Nokia Siemens Networks and IBM have announced a collaboration to deliver the world’s first mobile edge computing platform that can run applications directly within a mobile base station. 
This new platform allows mobile operators to create a truly unique mobile experience, relieve the ever increasing strain on network infrastructure and bring completely new solutions to market.
The new platform can accelerate the delivery of media-rich services by delivering content directly from the base station, ensuring enhanced quality of experience for consumers in the face of ever increasing data traffic growth.
The platform also enables a new generation of low-latency services with device presence to be delivered to consumers, creating new possibilities for mobile gaming, augmented reality, smarter traffic and public safety offerings, and more.
Improved latency can enable high-value vertical solutions that rely on big data-driven analytics to work on very large amounts of information in realtime. For example, IBM’s City in Motion solution can analyse radio information to estimate how people are moving through a city, identify their mode of transport, and configure a cities transport network in realtime to ensure optimum performance.
Nokia Siemens Networks Liquid Applications and IBM’s WebSphere Application Service Platform for Networks (ASPN) together provide an environment for operators to manage the many applications that will be deployed to the mobile edge.
Liquid Applications is part of Nokia Siemens Networks Liquid Broadband framework enabling a unique interaction between a mobile subscriber’s smart device, their applications and the mobile network.
The company’s Radio Applications Cloud Server (RACS) is fully integrated with the Nokia Siemens Networks’ Flexi Multiradio Base Station and features access to realtime network data that has never been exploited before.
RACS integrates IBM’s ASPN platform and provides a standards-based cloud runtime environment, and is designed to allow mobile operators to deploy, run and integrate applications to the mobile edge.
“Liquid Applications is set to redefine the mobile broadband experience,” says Dirk Lindemeier, head of Liquid Net at Nokia Siemens Networks. “It creates a completely new base for innovation in an increasingly commoditised connectivity market and enables the creation of new value from mobile networks.”

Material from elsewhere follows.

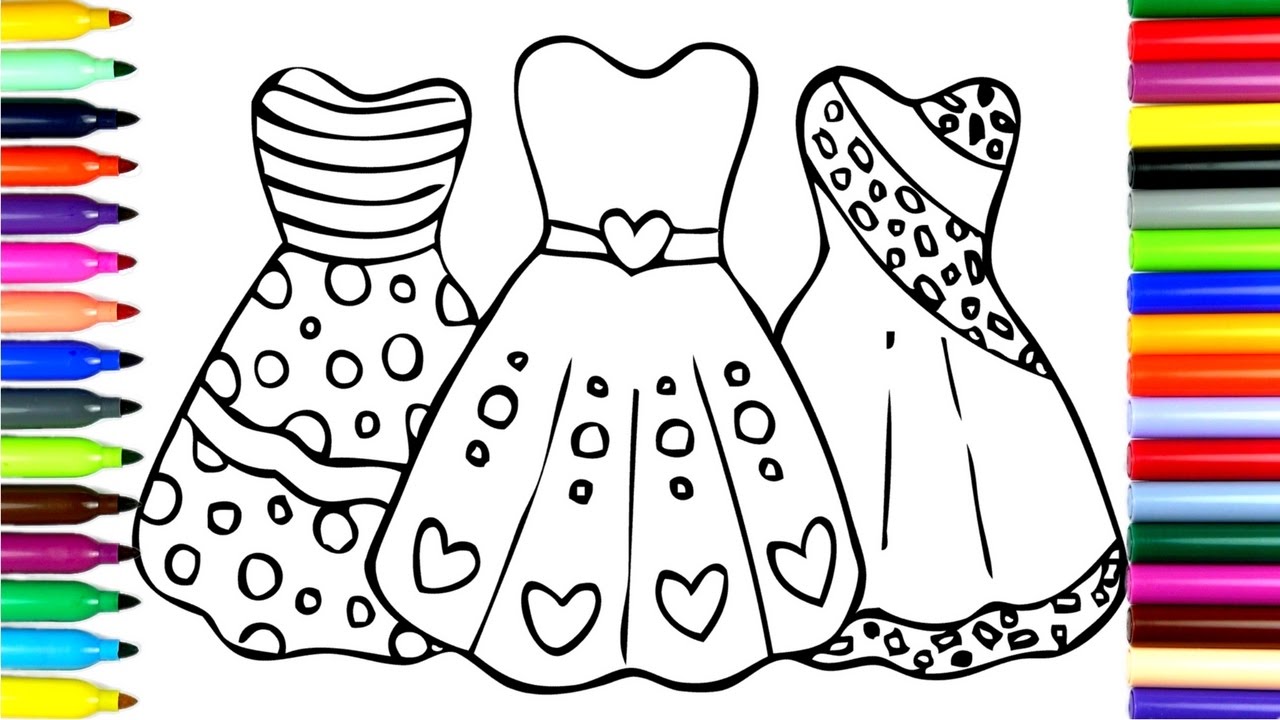 1280x720 Coloring Beautiful Princess Dresses Drawing Pages To Color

“Pushing applications, processing and storage to the edge of the mobile network allows large complex problems to be distributed into many smaller and more manageable pieces and to be physically located at the source of the information it needs to work on,” says Phil Buckellew, VP, IBM Mobile Enterprise. “This enables a huge amount of rich data to be processed in realtime that would be prohibitively complex and costly to deliver on a traditional centralised cloud.”